Before I left Reddit, I used a plugin through the api to replace all of my comments with random gibberish and then delete them. Part of this was because (mandatory) fuck spez. But more importantly, it was to protect the anonymity of my account. After years of posting, there is likely enough personal information shared to potentially connect my Reddit habits to my online identity. I wasn’t planning on using Reddit again in the future on that account, but I left it open in order to maintain some security control over the account. I’m not really sure what to do at this point because I still consider it a security vector that’s a bit concerning. There’s no way I can manually edit and delete all of my content with the snail’s-pace reddit UI, and I have no ability to assure that my content will remain unavailable or at least not publicly displayed.

  • @[email protected]
    link
    fedilink
    English
    4
    edit-2
    2 months ago

    So, I’m gonna be honest. I don’t think that mass deanonymization via text analysis is in the immediate future.

    Is it a theoretical risk? Yes. It’s not because I don’t think that it’s technically doable. It’s for a rather-more-depressing reason: because there’s lower-hanging fruit if someone is trying to build a deanonymized database. I just don’t think that it’s presently worth the kind of effort required to mass-deanonymize text, in general.

    Any time you have an account with some company that persists for a long time, if they retain a persistent IP address log, then whenever you log in, you’re linking your identity and the IP address at that time. Especially if one cross-correlates logs at a few companies, and a data-miner could do a reasonably reliable job of deanonymizing someone. Maybe it’s not perfect, maybe there are several people in a household or something, maybe some material is suspect. But if you’re watching cookies in a browser on a phone crossing from one network to another and such, my guess is that you can typically probably map an IP address to a fairly limited number of people.

    I mean, there are ways to help obfuscate that, like Tor. But virtually nobody is doing that sort of thing. And even through something like Tor, browsers tend to leak an awful lot of bits of unique information.

    And if someone’s downloading an app to their phone that’s intentionally transmitting a unique identifier, then it’s pretty much game over anyway, absent something like XPrivacyLua that can forge information. Companies want to get people using their phone apps.
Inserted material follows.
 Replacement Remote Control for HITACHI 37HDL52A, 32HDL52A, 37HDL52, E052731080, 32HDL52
    An individual person might be subject to doxxing from someone who wants to try to identify their real-life persona from an online persona. But I don’t think that companies will generally likely be going that route in the near future to try to deanonymize users en masse, because they’ve already got easier, more-reliable ways to track people that people are vulnerable to.

    All that being said, once text is out there, it’s potentially not going away, so keeping in mind that it might be deanonymized one day via future analysis might be a good idea. The Federalist Papers were deanonymized via Bayesian statistical analysis centuries after they were written using technologies that their authors could not have dreamed of.
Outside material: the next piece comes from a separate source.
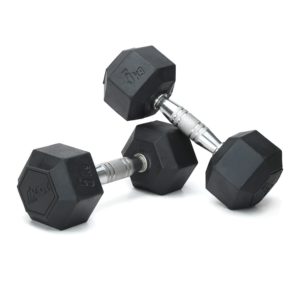 FitBox Sports Pro 10kg (5kg x 2) Hex Rubber Coated Dumbbells for Home Gym & Strength Training - Unisex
    Robert Hanssen – a Soviet mole in the FBI who had counterintelligence expertise and could reasonably expect to be dealing with state-level intelligence agencies going after him – was caught because he used the unique phrase “the purple-pissing Japanese” on two occasions; once where his real-life identity wasn’t known but that he was a spy was, and once where his real-life identity was known but not that he was a spy. That deanonymization was done manually, via human effort, but if you figure that the same sorts of approaches could be used to link accounts at different services and across accounts on one service…shrugs I mean, I just don’t have the tools to try to resist something like that, to keep what I’m saying intact but present ideas in a way that I’d be confident would be strong against that kind of analysis.

    • Lvxferre
      link
      fedilink
      English
      22 months ago

      While I don’t think that text analysis (TA) is going to replace those techniques that you mentioned, I do think that it is a threat to anonimity in the immediate future, because it’ll likely be used alongside those techniques to improve their accuracy and lower their overall costs.

      The key here is machine “learning” lowering the TA fruit by quite a bit. People misattribute ML with almost supernatural abilities, but here it’s right at home, as it’s literally made to find correlations between sets of data. And, well, TA is basically that.

      Another reason why I think that it’s a threat is because even a partial result is useful. TA doesn’t just identifies you; it profiles you. And even if not knowing exactly your name and address, info like age, sex, gender, location, social class, academic formation etc. is still useful for advertisers and similar.

      (Besides the Federalist Papers and Robert Hanssen, another interesting example would be how the Unabomber was captured. It illustrates better how the analysis almost never relies on a single piece of info, but rather multiple pieces that are then glued together into a coherent profile.)

      (Also sorry for nerding out about this, it’s just a topic that I happen to enjoy.)